**WHAT TO PRODUCE:**
Restrict the output to the lines below starting at the one that contains "Family Friendly Apartments" and ending at the one that contains "Mujer joven con", and restate them word for word, both ends included.

**AVAILABLE RECORDS:**
========================================
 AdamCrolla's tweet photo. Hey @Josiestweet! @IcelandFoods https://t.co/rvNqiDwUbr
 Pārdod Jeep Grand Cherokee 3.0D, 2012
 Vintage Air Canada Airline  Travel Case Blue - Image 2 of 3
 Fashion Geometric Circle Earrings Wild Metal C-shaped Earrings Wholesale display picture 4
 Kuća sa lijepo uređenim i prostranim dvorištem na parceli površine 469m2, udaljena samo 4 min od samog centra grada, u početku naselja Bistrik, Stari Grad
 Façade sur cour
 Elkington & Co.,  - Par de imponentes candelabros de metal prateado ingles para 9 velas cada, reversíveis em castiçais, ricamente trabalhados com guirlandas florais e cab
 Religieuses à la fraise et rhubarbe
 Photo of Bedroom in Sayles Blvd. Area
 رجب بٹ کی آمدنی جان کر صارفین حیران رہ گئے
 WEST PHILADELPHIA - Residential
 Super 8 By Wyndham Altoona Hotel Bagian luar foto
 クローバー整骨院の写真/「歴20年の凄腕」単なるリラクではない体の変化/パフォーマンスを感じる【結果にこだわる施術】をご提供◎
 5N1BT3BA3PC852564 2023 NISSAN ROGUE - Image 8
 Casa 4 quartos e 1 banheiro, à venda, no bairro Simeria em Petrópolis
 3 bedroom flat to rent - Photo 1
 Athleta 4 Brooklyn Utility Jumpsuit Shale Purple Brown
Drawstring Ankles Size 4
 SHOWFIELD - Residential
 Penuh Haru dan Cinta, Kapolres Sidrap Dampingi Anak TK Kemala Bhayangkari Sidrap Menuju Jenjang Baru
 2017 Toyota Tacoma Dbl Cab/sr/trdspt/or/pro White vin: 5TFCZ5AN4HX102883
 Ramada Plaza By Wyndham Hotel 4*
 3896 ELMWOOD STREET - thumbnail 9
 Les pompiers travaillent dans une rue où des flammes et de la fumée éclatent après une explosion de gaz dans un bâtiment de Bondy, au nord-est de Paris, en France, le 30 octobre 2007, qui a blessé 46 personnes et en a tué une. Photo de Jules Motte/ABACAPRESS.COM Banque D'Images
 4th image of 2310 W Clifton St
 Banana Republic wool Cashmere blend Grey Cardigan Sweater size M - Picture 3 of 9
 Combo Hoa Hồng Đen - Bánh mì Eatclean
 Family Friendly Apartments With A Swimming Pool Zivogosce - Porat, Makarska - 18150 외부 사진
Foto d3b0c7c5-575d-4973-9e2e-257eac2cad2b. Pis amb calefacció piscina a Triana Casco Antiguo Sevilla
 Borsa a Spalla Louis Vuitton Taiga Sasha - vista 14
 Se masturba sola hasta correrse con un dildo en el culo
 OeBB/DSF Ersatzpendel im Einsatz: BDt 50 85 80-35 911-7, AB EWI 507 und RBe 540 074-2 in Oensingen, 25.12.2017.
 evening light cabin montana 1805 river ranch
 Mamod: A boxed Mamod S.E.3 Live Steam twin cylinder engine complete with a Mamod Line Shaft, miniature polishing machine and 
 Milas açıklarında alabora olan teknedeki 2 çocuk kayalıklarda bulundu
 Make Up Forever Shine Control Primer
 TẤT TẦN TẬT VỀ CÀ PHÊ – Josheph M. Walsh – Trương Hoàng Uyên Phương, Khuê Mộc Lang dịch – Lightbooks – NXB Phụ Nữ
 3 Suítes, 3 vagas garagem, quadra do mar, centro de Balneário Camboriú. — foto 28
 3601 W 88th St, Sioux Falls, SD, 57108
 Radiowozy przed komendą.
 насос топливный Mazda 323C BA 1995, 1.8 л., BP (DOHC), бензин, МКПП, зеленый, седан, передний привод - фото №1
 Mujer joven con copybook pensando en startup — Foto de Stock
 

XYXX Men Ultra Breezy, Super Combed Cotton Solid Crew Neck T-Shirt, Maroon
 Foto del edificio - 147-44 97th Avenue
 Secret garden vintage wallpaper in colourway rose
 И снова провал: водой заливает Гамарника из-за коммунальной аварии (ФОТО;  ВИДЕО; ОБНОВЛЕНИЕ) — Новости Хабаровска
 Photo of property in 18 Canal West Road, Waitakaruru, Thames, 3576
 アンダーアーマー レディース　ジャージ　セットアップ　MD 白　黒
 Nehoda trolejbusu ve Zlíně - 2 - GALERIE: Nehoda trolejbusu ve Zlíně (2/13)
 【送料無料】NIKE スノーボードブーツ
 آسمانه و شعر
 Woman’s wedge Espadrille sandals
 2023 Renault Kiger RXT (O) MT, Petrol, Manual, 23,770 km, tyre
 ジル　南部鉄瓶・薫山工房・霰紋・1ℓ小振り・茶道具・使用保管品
========================================
**EXPECTED ANSWER:**
 Family Friendly Apartments With A Swimming Pool Zivogosce - Porat, Makarska - 18150 외부 사진
Foto d3b0c7c5-575d-4973-9e2e-257eac2cad2b. Pis amb calefacció piscina a Triana Casco Antiguo Sevilla
 Borsa a Spalla Louis Vuitton Taiga Sasha - vista 14
 Se masturba sola hasta correrse con un dildo en el culo
 OeBB/DSF Ersatzpendel im Einsatz: BDt 50 85 80-35 911-7, AB EWI 507 und RBe 540 074-2 in Oensingen, 25.12.2017.
 evening light cabin montana 1805 river ranch
 Mamod: A boxed Mamod S.E.3 Live Steam twin cylinder engine complete with a Mamod Line Shaft, miniature polishing machine and 
 Milas açıklarında alabora olan teknedeki 2 çocuk kayalıklarda bulundu
 Make Up Forever Shine Control Primer
 TẤT TẦN TẬT VỀ CÀ PHÊ – Josheph M. Walsh – Trương Hoàng Uyên Phương, Khuê Mộc Lang dịch – Lightbooks – NXB Phụ Nữ
 3 Suítes, 3 vagas garagem, quadra do mar, centro de Balneário Camboriú. — foto 28
 3601 W 88th St, Sioux Falls, SD, 57108
 Radiowozy przed komendą.
 насос топливный Mazda 323C BA 1995, 1.8 л., BP (DOHC), бензин, МКПП, зеленый, седан, передний привод - фото №1
 Mujer joven con copybook pensando en startup — Foto de Stock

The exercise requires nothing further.